Registered: 12/01/09
Posts: 80
Surely this question has been asked a few thousand times and I apologize for probably doing it again but I'm struggling to make decisions. I have been following recent and upcoming lab litters for a few months as I have decided it's time for another dog. I have never been fully into Hunt Tests etc. My last dog I had professionally trained as a gundog. We hunted all sorts of birds and he was a wonderful pet. I didn't know much about Hunt Tests and Field Trials at the time so we never got into that arena. I feel confident he could have received his JH with the level of schooling he had. And probably his SH if we had gone back to school for a few months. (but that's totally besides the point... and I'm biased). He had a nice bloodline of titled dogs... The Boss was his GrandSire and a Watermark MH was his Sire. Regardless, he was a great all-round dog and I miss him dearly. So, it's time for a new one.

I find it to be very stressful to find the right litter. I want a great hunting companion but I also want a great family companion. In fact, the family companion might even be more important. I know I will have him/her professionally trained but I can't say to what level. JH - yes, SH- I hope, MH- that would be cool but I don't know if I want the dog at school for that much time (and money eek) . Mainly because I also really love hanging out with my dogs and doing working on retrieving skills he learned at school, going to the store, going to the lake, etc. I love my pup just being my buddy. Does this make me a bad lab person? Some breeders/trainers tend to think so? Or at least they make me feel that way.

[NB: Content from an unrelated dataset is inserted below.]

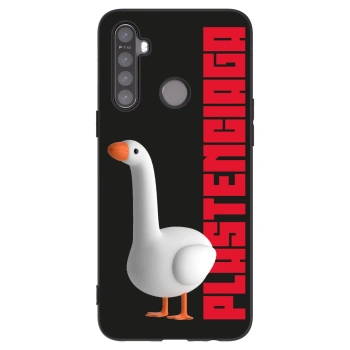 Picasee silikonový černý obal pro Realme 5 - Kiky Ricky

So in searching for a litter, I want a good looking black lab. Nice head, but also fairly lean build. Some of the English Labradors get a little too bulky for my liking. I also want the drive to retrieve and I also want the infamous off-switch.

So, when searching for a litter I am currently looking at Hunt Test/FT bloodlines with good "lab" looks. But where do I stop? Are field champion bloodlines too much dog for what I want? For instance, I have heard to stay away from "Cosmo" bloodlines and some others. I have been told those dogs and their offspring are too intense for what I want. I love knowing these things. I would agree.

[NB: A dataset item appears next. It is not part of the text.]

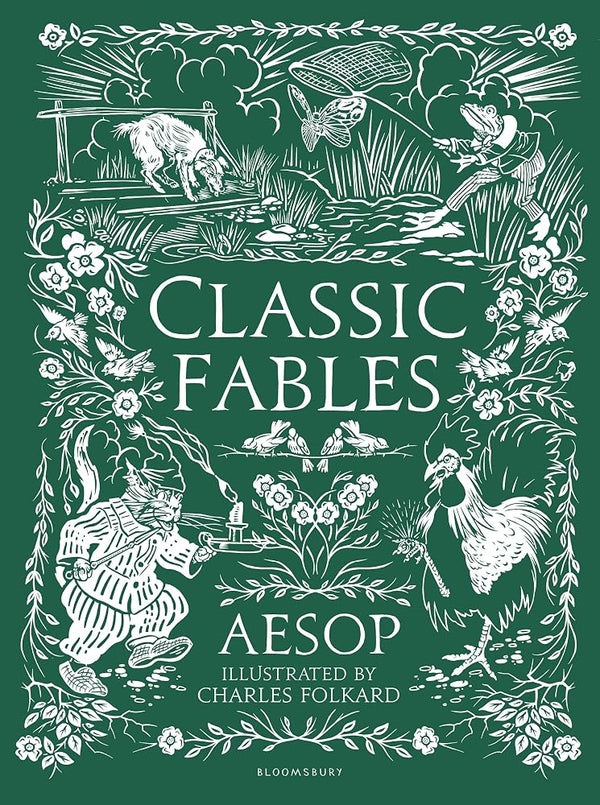 Classic Fables: Tales of wisdom and wit with gorgeous vintage colour artwork - an essential gift for all ages cover image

So, am I doing this correctly? Or should I be looking at less titled bloodlines? I know that bloodlines of both the Sire and Dam are vitally important. But if I am not looking to have a Field Champion, do I need a dog sired by one?

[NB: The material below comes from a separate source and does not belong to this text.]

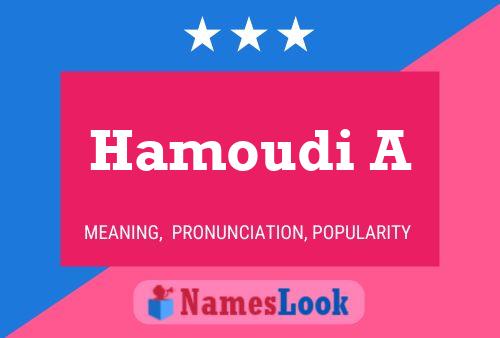 ملصق اسم Hamoudi A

I feel like a dog that has achieved MH and FC or whatever are still very much worth looking into (even if I don't plan on doing FT's) because they should still be great dogs simply because they have the trainability in their bloodlines and that means a lot for hunting, etc but I would think that also means a lot for the dog learning how to be a good home citizen as

I know I don't have an exact question but I think you can catch on the what I am asking. I have a feeling the answer is going to be "talk to a reputable breeder and they will get you the right dog with an off switch." I guess I am needing more than that answer. Can anyone help me out? It's stressing me out. hahaha. Thanks in advance.

Edited by triggerbowtx (04/15/15 12:55 PM)

#5701317 - 04/15/15 02:34 PM Re: Labrador selection process [Re: triggerbowtx]
comet Offline

Registered: 03/05/05
Posts: 971
Loc: Canton Texas
I agree that you are not looking for the English/bench labs what you would be looking for is the American. You will need to do some leg work to find the breeder/kennel that is right for you. I truly believe God will give you peace when you find the right one
_________________________ offering Top Quality Labrador puppies at an affordable price.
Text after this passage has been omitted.